その「音響詩/巳巳」なるパフォーマンス。案内リーフレットには会場は「ゆずりは/ルルド屋上」とあり最初いま一つ意味がのみこめなかったが、ゆずりはというのはどうやら地区名みたいで、四万温泉の中の「ゆずりは」ゾーンに建つ「ルルド」(という施設の)屋上だと後から理解した。
ルルドの正式名称はスパゲストハウス ルルド(SPA GUEST HOUSE LULUD)となるようで、あぁ温泉入浴施設の屋上を使うのね程度の認識で、建築や施設の予備知識を何ら持たずに向かった。で、先に書いてしまえば、「屋上」というのは感覚的にはまぁわかりやすいなとは思ったけれど、建築の用語からすれば異なるもの。上の画像は開演40分前くらいのリハーサル的思考中(公演に向けて集中の最中)のものだが、屋根もしっかり付いているしどうみても屋上ではない。
このルルドは、倒産した温泉旅館をリノベーションしたもので、クラウドファンディングでの資金調達もしながら2020年末にオープンした新しい施設だという。なるほどスタイリッシュにまとめられているが、そこで気付いてわかったのは元々が鉄筋コンクリート造5階建ての旅館だったのを改装し新たに運営する際には4階建ての施設にしたのだということ。
5階部分は仕上げ材も取っ払い(新しい施設でこの階は使わないからエレベーターによる導線も無くし)改装もせずにそのまま放置に見える。そうした、外からは見えることのない廃墟のようなスペースを、作家の飯沢康輔氏の発想が大きいのかもしれないが「温泉郷クラフトシアター」での絵画展会場(飯沢康輔展)&パフォーマンス会場にしたというわけだ。
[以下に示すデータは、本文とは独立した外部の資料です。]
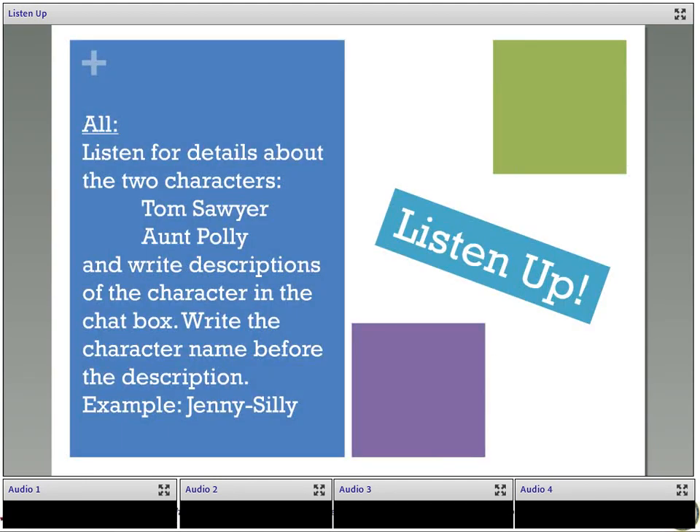Moving on to another activity. We are going to now listen to a third audio clip about two characters you might know — Tom Sawyer and Aunt Polly. As we're listening, write descriptions of the characters in the chat box — any description you hear about the character, or that you infer based on what they're doing. For example, if Jenny's telling lots of jokes, you can write 'Jenny silly.' You might not hear the word, but you can still write it.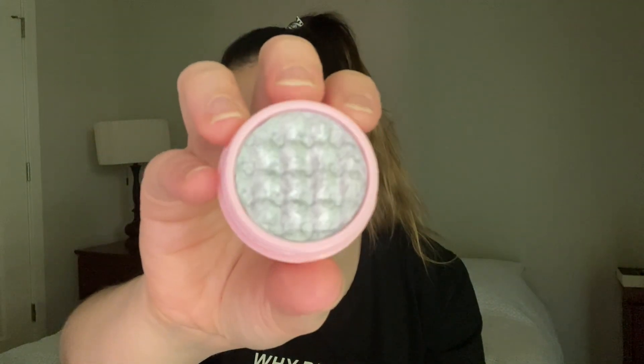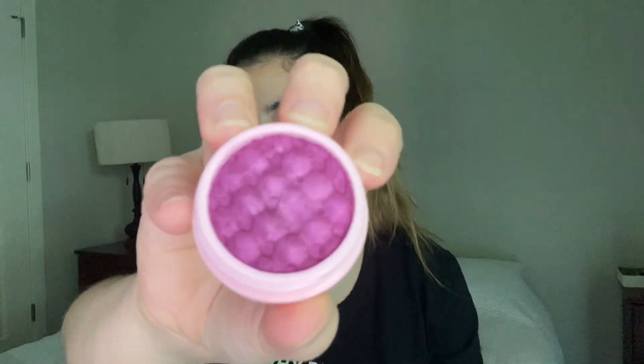The next two are from Ace Beauté — these two little glimmer eyeshadows. My sister actually gave these to me. I went to do her makeup, used these on her because she had them, and I was like wow, these perform really well. I was going to place an order, but the next time I visited she just said 'take them, I don't want them.' They're really pretty and honestly pretty expensive if you buy them from their website.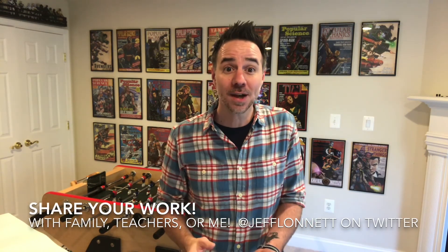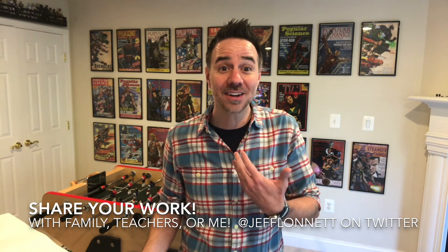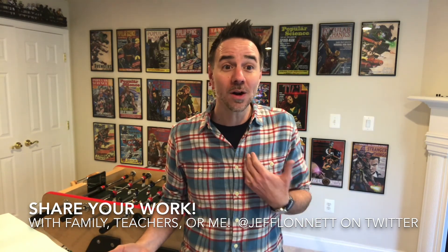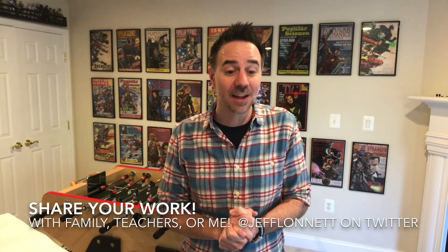Once you're done, share it with somebody else. Maybe share it with your mom or dad or brothers and sisters, or take a picture and share it with an aunt, an uncle, or a friend. Or if you'd like to share it with me or your teacher, email it or get your parents to tweet it to me at Jeff Launette on Twitter. I'd love to see your amazing ideas. I hope you had fun — and keep in mind you can always watch these videos again because the activities could be totally different the next time you do them. I hope you enjoyed the video and that this helps you go the distance with your learning even while you're at home. Have a great day.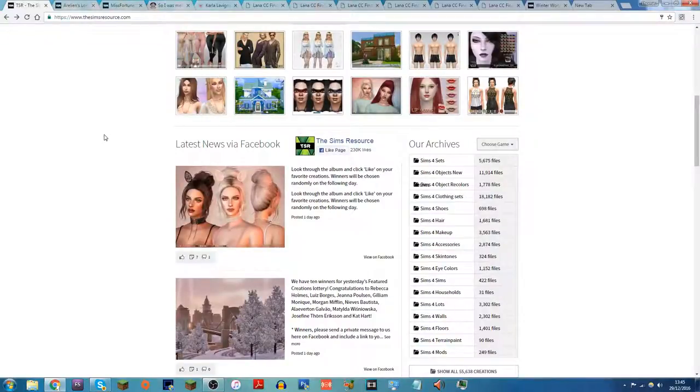Hi everyone, Thomas here and welcome back to another video. Today I'm back for another CC shopping video and this one is going to be a winter edition. As you can see from the bottom of my screen it is currently the 29th of December 2016, but you're all probably seeing this during January 2017.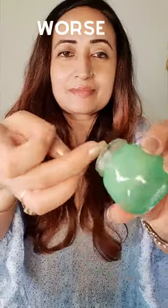Worse than that was the Glow Recipe Avocado Eye Cream. After a few months, it started irritating my eyes and I couldn't use it.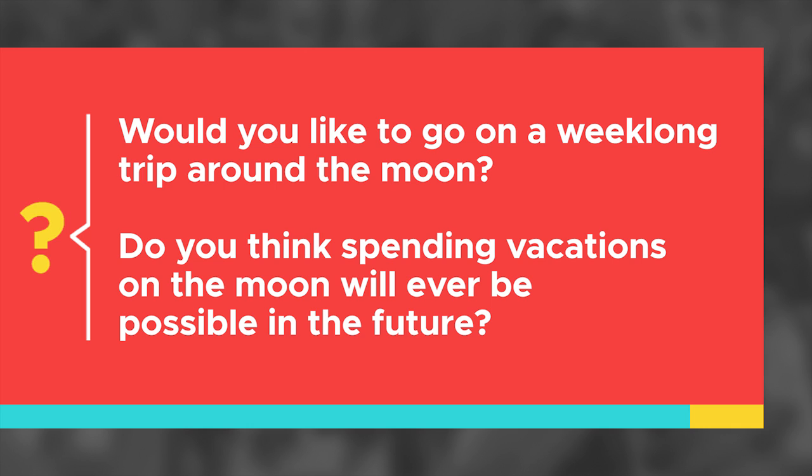Would you like to go on a week-long trip around the moon? Do you think spending vacations on the moon will ever be possible in the future? To be continued...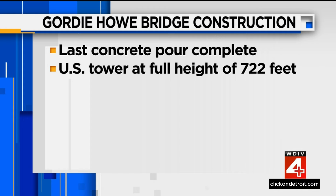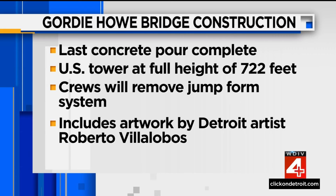Crews will now begin removing the jump form system, which includes artwork by local Detroit-based artist Roberto Villalobos. These last steps are anticipated to begin the Canadian Bridge Tower in September.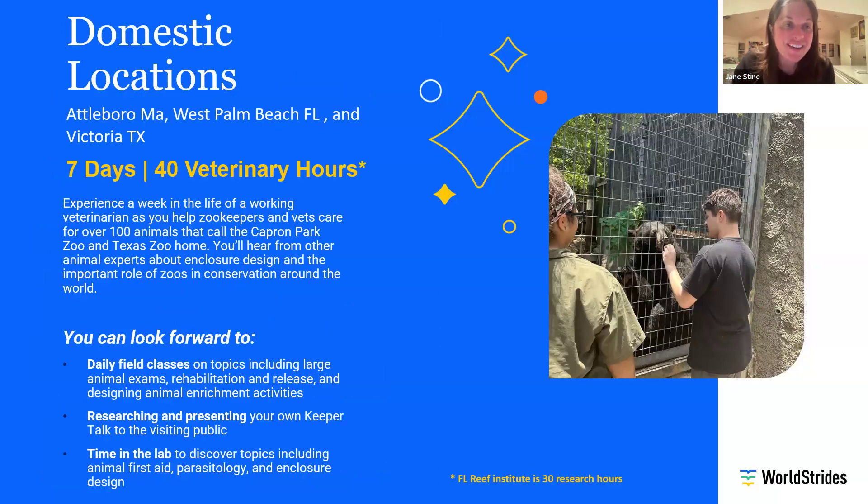I talk kind of a lot and I talk kind of fast, so if you miss anything or have questions, please feel free to chat them in. For real detailed questions about housing and meal plans, I'd encourage you to contact WorldStrides directly and check the website. But I want to give you a feel for each of these programs — who they might be for and what you might expect. Here are our three domestic locations: in addition to the middle school program in Washington, D.C., we've got Attleboro, Massachusetts; Victoria, Texas; and West Palm Beach, Florida.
ルルドは表向き4階建てだから、エレベーターは4階で降りるが、降りるとその目前に(ふだんは開けられることのおそらく無い)扉が開けられていて、その先の階段にと誘われる。
気分は、まさに屋上に上がる感覚である。

弥彦・野外アート展でも初期のころに温泉旅館内に作品を展示する企画をたてたことがあったし、武蔵野美大の学生が岩室温泉の各旅館に作品を展示するアートイベントをしたことがあったが、そういうときの来場者の面白さは「(高級旅館など)ふだん入れないところにも、アート鑑賞を旗印に入れる」ことがあるけれど、今回のルルドの場合は、宿泊代を払った人であっても入れないところに入れちゃうという、さらなるプラス要素が加わっているといえる。
行く前は、先日まで一緒に展覧会をやっていたからと「行ってきました」程度に画像を簡単に載せようと思っていたが、一週前の旧廣盛酒造と同じで建築の特徴がありすぎて、そんなかんなでまた思いがけず長文blogになってしまった。

ついでだからもう一つだけ書くことにすると、屋上空間(=カウントされない5階の空間)でわたし的にツボだったのは、コンクリート躯体に「通り芯」だとかの嘗て施工時のメモが現わしになっている(↑)こともあったけれど、一番は下の図。空中に浮いた(かのように見える)消火栓ボックスである。

コンクリート壁から5~60㎝ほど前面に出ていて、6本の鉄の棒で壁と床から支えが取られているが棒は細いものだから、意味なく飛び出て浮いているように見える。
建築図面に慣れていれば容易に想像つくが、この場合内部の壁面ボードは柱面に合わせて設けられるから、消火栓ボックスはその(設けられるはずだった)位置で自立している。壁面の化粧石膏ボードがあれば見た目に何の変哲も無いのだけれどそれは壊されて再生もされていないから、浮いた消火栓ボックスになったというわけだ。

巳巳さん公演中
飯沢康輔さんの絵画は大きなダンボールに描かれ、この空間に見事にマッチしていた。